At the annual Limmud Festival in late December, Professor David Feldman, director of the Pears Institute for the Study of Anti-Semitism at Birkbeck College, London, argued that the IHRA was being used “to stifle free speech” and described it as “a threat to legitimate protest”.
The same month, a working group established by the academic board of University College London recommended the institution retract its November 2019 adoption of the IHRA definition and examples. Their report states that they “disproportionately draw debate over Israel and Palestine into conversations around antisemitism, potentially conflating anti-Zionism with antisemitism… thereby… risking the suppression of legitimate speech and academic research.”
Last Tuesday, 10 Jewish organisations in the US grouped together in the Progressive Israel Network (PIN) issued a statement opposing “the effort to enshrine [the IHRA definition] in domestic law and institutional policy.”
The PIN organisations say they “care deeply about the State of Israel,” but warn of the “ways in which the effort to combat antisemitism is being misused and exploited to instead suppress legitimate free speech, criticism of Israeli government actions, and advocacy for Palestinian rights.” They continue, “We fear [the IHRA’s] adoption in law or policy at the state, federal, and university level and in corporate governance has the potential to undermine core freedoms, and in some cases already has.”

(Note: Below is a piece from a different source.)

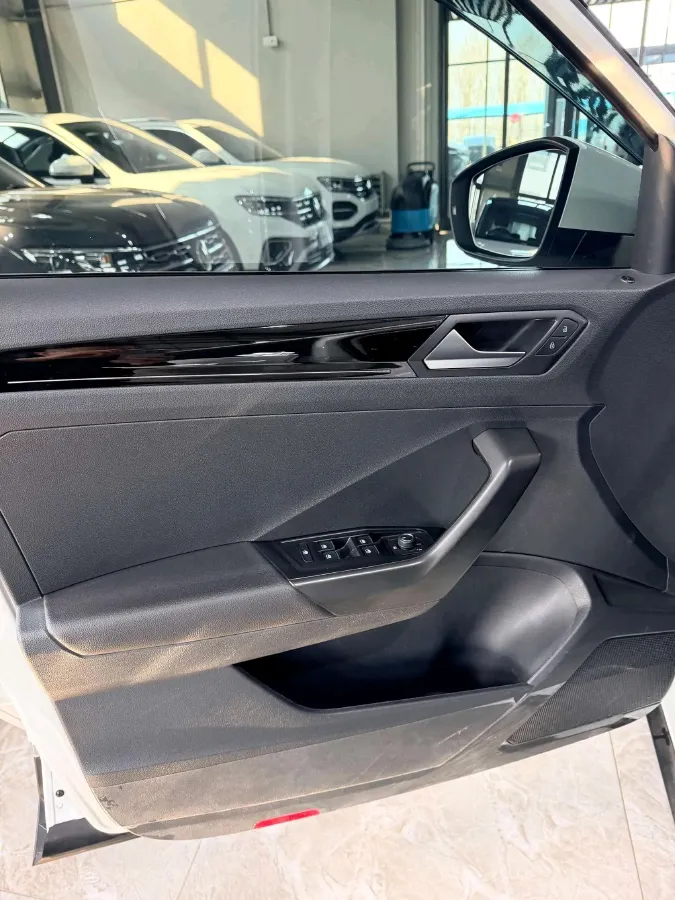 2022 Volkswagen T-Roc 1.4T 150HP L4 7DCT,autocango,china used car exporter,china ev exporter,chinese used car exporter,chinese used ev exporter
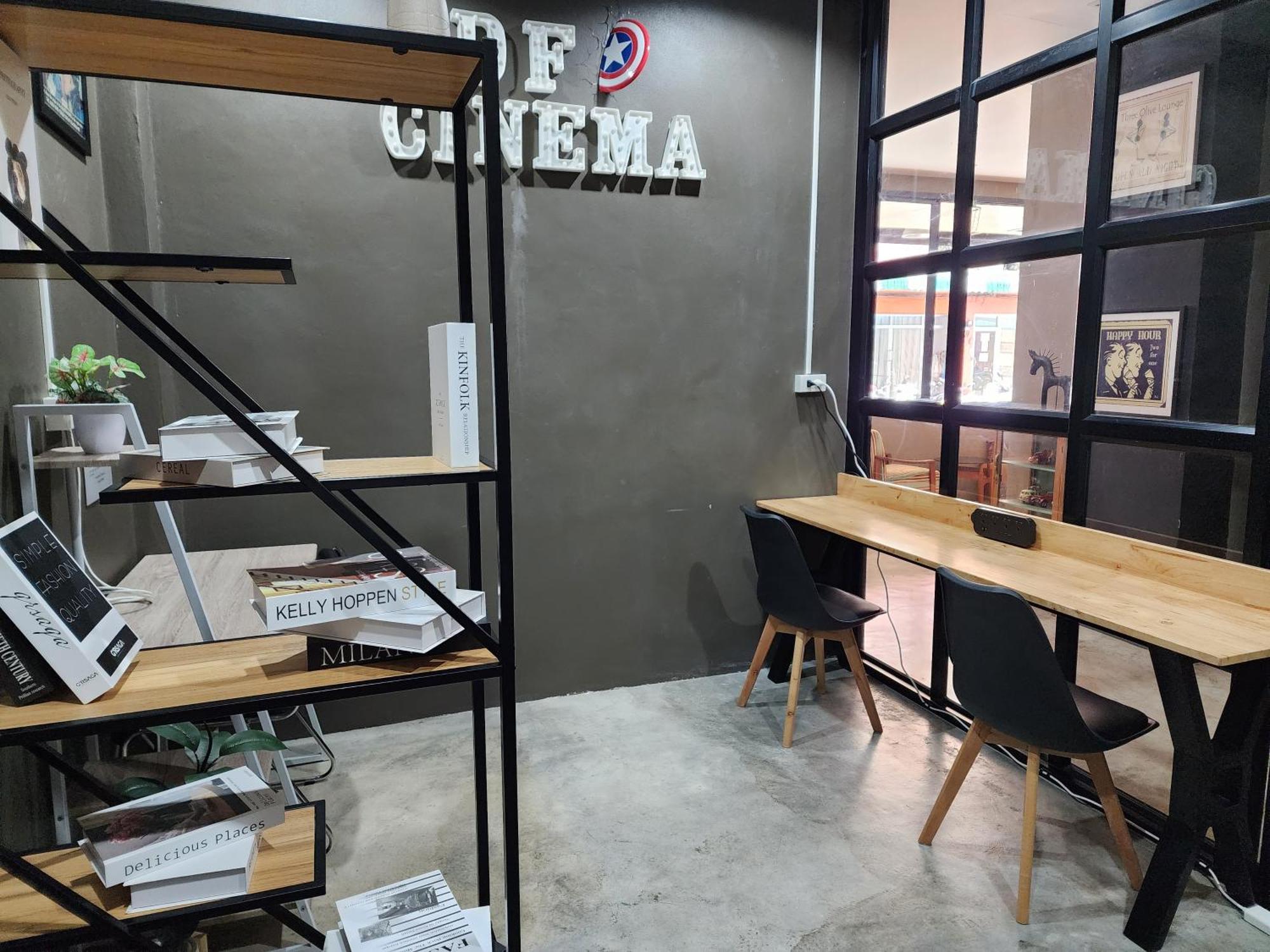 Dfeel House Hostel Patong Buitenkant foto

In Germany on December 9, 30 leading cultural institutions issued a statement opposing the German parliament’s BDS-IHRA resolution. It states, “In the name of this resolution, significant voices and critical positions are being suppressed on the basis of false accusations of anti-Semitism.”
A devastating blow was dealt to the attempt to equate criticisms of Israel with antisemitism by leading Israeli human rights organisation B’Tselem. For the first time in its history, the organisation has described Israel as “an apartheid regime”, advancing and cementing the “supremacy of one group—Jews—over another—Palestinians.”
Not a trace of this opposition will find voice in Corbyn or the moribund Labour left. Corbyn is busy arguing the finer points of contract law with Starmer, while his supporters face slander, suspension and expulsion.
It should be noted that a separate court case is being launched, against the EHRC, by former Mayor of London Ken Livingstone and former Labour councillor Pam Bromley. They were the only two individuals held by the EHRC investigation into Labour to have been guilty of “unlawful harassment” of Jews while members of the party.
Livingstone was the first target of the anti-Semitism witch-hunt in 2016. He was thrown under the bus by Corbyn, apparently with Livingstone’s consent, and resigned from Labour in 2018 . With no position in the party left to lose, Livingstone has at least decided to clear his name and challenge the unfounded allegations against him. Corbyn, in contrast, says nothing the better to ingratiate himself with Starmer.
Opposing the “left anti-Semitism” campaign demands a decisive break with Corbyn, the dwindling rump of the “Labour left” and their counterparts internationally. A socialist leadership must be built in the working class, based on the revolutionary, internationalist principles of Trotskyism. This is the programme of the Socialist Equality Party and the International Committee of the Fourth International.